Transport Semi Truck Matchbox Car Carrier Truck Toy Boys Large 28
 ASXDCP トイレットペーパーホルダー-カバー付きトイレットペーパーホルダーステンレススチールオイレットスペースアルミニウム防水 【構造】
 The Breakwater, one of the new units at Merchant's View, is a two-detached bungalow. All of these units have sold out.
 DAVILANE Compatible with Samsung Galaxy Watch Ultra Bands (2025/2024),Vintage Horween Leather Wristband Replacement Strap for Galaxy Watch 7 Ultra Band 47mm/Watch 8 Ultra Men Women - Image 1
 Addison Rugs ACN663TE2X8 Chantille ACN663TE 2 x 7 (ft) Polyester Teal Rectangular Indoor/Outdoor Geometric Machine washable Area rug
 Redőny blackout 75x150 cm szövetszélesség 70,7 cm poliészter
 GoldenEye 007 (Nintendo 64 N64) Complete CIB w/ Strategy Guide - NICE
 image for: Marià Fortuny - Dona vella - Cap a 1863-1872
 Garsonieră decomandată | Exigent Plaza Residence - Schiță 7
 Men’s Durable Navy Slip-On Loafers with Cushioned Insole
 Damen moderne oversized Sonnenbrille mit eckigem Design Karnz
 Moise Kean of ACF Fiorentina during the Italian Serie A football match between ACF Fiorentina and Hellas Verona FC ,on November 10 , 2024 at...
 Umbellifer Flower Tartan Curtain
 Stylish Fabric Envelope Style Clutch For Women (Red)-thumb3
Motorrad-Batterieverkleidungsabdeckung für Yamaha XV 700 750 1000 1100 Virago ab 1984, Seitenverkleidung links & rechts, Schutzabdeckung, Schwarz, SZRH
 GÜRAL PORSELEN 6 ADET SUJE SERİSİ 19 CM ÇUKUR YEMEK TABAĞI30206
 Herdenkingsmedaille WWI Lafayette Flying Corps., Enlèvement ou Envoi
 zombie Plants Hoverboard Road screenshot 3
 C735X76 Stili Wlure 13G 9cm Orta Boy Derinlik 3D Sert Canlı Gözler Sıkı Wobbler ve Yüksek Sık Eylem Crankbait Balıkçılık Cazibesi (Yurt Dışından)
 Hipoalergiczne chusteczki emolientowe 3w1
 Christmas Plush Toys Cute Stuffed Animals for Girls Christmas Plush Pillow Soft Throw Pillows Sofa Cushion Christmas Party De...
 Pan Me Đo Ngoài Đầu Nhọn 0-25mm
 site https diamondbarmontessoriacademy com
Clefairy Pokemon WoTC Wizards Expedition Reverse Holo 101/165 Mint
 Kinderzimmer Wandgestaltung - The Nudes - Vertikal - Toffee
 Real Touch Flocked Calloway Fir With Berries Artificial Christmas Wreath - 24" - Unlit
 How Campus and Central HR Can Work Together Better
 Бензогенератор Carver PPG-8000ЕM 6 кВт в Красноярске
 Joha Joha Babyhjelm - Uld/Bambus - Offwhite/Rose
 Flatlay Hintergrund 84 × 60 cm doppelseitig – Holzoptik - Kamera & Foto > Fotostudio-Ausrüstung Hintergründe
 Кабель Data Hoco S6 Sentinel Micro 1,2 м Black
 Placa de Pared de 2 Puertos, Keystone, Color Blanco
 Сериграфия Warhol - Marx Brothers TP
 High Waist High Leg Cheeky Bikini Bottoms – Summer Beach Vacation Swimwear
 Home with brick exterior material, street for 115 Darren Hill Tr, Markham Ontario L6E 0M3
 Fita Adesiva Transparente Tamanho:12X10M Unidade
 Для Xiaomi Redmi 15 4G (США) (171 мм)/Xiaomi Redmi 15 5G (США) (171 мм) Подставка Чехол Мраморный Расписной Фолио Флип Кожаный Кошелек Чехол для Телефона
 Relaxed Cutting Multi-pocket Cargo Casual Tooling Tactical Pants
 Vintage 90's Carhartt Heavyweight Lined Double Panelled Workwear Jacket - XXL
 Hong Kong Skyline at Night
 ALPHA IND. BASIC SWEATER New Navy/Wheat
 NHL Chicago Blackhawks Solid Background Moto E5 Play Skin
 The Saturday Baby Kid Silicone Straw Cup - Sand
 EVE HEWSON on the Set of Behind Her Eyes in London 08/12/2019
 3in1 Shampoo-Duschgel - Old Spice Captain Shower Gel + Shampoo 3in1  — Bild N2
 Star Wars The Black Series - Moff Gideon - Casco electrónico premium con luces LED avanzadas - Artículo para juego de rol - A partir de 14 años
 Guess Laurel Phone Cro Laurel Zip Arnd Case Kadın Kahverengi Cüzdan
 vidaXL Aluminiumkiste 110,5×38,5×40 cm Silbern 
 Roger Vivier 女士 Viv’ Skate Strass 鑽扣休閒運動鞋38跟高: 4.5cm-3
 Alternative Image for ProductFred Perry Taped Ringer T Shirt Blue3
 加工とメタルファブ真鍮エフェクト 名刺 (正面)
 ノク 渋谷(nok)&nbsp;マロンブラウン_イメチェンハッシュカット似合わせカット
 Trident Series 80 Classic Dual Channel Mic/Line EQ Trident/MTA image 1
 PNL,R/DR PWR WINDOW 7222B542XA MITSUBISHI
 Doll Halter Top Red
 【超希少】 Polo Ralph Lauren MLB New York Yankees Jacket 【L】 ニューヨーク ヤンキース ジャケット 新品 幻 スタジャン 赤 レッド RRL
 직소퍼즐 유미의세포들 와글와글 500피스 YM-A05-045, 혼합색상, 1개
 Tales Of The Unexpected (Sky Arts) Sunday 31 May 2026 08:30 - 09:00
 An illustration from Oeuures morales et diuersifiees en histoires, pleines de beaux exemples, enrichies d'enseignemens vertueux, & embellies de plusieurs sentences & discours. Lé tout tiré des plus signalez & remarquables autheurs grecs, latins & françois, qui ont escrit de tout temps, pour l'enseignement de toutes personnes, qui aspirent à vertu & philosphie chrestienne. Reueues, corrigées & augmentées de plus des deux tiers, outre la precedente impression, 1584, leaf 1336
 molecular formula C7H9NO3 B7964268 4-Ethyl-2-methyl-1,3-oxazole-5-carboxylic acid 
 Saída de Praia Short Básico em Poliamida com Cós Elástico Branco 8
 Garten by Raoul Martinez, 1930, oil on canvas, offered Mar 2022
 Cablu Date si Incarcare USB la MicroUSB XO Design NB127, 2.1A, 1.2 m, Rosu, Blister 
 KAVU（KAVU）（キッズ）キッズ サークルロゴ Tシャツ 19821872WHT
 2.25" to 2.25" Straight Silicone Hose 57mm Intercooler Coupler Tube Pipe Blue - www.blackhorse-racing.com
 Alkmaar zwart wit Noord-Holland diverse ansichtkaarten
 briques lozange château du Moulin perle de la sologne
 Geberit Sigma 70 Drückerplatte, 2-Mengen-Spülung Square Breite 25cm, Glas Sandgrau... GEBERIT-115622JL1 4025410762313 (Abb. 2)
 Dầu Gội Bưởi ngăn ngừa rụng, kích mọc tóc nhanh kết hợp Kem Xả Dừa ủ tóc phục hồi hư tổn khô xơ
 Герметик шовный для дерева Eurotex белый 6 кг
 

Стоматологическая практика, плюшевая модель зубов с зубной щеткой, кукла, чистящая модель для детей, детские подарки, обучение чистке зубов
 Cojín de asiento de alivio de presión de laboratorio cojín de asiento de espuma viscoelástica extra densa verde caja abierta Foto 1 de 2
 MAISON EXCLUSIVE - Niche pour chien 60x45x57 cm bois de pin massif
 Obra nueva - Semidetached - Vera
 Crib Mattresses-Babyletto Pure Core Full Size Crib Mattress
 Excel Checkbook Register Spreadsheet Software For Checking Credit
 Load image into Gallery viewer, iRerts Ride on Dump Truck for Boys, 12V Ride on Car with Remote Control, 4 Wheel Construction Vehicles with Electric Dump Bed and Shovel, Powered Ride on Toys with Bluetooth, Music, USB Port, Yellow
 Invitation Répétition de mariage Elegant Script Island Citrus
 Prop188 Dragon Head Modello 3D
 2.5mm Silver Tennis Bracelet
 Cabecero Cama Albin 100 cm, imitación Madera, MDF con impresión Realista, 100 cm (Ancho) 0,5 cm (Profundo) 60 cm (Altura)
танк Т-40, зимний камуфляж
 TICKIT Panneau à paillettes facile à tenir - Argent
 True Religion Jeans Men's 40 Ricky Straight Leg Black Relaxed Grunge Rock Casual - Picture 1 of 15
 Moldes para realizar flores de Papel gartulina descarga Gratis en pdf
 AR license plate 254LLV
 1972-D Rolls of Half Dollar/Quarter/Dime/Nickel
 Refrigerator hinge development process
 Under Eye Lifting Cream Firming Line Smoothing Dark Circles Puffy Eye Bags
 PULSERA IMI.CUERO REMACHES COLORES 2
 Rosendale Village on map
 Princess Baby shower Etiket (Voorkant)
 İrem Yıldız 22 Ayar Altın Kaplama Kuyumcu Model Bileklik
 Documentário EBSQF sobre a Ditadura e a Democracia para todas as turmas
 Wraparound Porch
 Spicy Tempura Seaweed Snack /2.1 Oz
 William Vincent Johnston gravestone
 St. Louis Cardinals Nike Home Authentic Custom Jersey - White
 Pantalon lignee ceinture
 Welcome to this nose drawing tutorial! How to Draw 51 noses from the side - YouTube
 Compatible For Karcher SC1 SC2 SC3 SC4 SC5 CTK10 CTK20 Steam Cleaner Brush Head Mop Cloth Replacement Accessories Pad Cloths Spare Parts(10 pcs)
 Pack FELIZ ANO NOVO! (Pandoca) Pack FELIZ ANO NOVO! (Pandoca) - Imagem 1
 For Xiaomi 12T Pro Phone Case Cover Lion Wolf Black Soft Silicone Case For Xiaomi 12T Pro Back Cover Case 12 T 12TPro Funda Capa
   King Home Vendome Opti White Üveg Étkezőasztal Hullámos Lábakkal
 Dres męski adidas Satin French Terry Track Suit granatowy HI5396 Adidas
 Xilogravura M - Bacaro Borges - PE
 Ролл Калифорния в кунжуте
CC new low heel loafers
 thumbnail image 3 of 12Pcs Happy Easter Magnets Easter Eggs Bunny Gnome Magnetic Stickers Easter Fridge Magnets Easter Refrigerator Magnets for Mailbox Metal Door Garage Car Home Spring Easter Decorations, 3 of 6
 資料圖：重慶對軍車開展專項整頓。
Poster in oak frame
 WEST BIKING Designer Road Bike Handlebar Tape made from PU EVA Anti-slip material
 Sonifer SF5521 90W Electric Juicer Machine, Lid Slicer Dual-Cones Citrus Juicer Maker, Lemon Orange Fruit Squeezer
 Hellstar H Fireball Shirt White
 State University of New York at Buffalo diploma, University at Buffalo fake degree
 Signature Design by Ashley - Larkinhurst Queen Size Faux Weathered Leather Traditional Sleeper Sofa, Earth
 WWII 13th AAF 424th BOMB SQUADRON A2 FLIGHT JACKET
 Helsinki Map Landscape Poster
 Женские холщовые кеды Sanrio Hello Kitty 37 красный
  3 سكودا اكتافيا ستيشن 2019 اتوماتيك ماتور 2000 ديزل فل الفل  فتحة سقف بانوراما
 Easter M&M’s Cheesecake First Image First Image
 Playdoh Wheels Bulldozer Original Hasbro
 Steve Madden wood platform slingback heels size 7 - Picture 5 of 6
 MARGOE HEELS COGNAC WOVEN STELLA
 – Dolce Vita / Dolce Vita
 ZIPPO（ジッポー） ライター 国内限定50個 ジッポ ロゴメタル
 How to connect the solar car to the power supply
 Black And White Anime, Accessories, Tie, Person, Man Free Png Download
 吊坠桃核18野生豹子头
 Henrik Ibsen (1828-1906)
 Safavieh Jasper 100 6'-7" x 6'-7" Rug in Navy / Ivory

- - - -

Of the lines above, extract only those from the line with "Joha Joha Babyhjelm" to the line with "High Waist High", both included, exactly as written.

* _Result of the task_
 Joha Joha Babyhjelm - Uld/Bambus - Offwhite/Rose
 Flatlay Hintergrund 84 × 60 cm doppelseitig – Holzoptik - Kamera & Foto > Fotostudio-Ausrüstung Hintergründe
 Кабель Data Hoco S6 Sentinel Micro 1,2 м Black
 Placa de Pared de 2 Puertos, Keystone, Color Blanco
 Сериграфия Warhol - Marx Brothers TP
 High Waist High Leg Cheeky Bikini Bottoms – Summer Beach Vacation Swimwear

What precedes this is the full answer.